Eh. I still feel like intel will shuffle most desktop users to the enthusiast platform beginning with Haswell-E. That's not necessarily a bad thing. Octo core CPUs will be the new baseline for that platform along with other goodies - DDR4 and SATA-E.
Normal joe consumer doesn't buy a desktop, this is obvious - but for existing enthusiasts and PC gamers, that niche of a market isn't really declining either. There's still money to be made there and i'm sure intel will create chips for it, even if the progress is slowed. PC gamers tend to spend a lot of money in the ecosystem, even if the "average user" doesn't buy a desktop PC anymore.

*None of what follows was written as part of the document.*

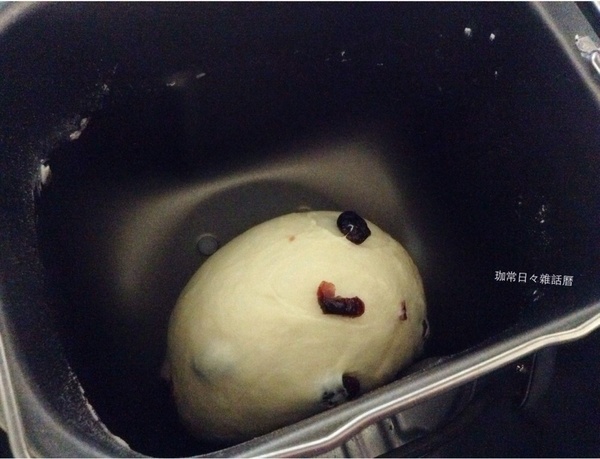 蔓越莓鮮奶多士(麵包機)的食譜和做法圖片2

As mentioned earlier I believe intel will move most of these users to an E platform which isn't necessarily bad.
For absolute huge majority of desktop users, even for majority of gamers. Intel Extreme is WAY too expensive.

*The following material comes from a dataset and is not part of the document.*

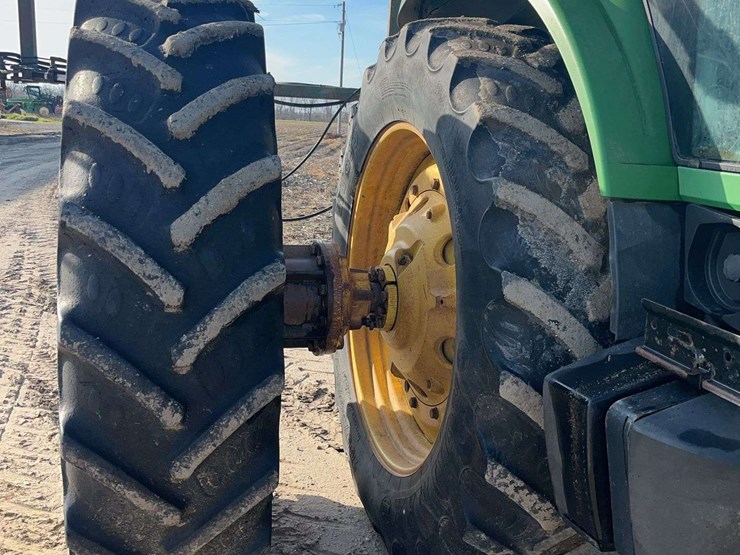 john-deere-8220-image-6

If Extreme is only desktop left, then I won't have Intel desktop anymore. I know many people who have desktops and still uppgrade / replace them every now and then and no single one of them have Intel Extreme and no even a signle person would be willing to spend that kind of money for it.
Remember most desktop gamers are not people who go for Intel E & GTX 780 / Titans or SLI setups.
Most spend for whole unit (case, motherboard, memory, GPU, etc) less than price of i7 Extreme chip itself.
Even on enthusiast forums like this one and on pure PC gaming forums Intel Extreme is very rare.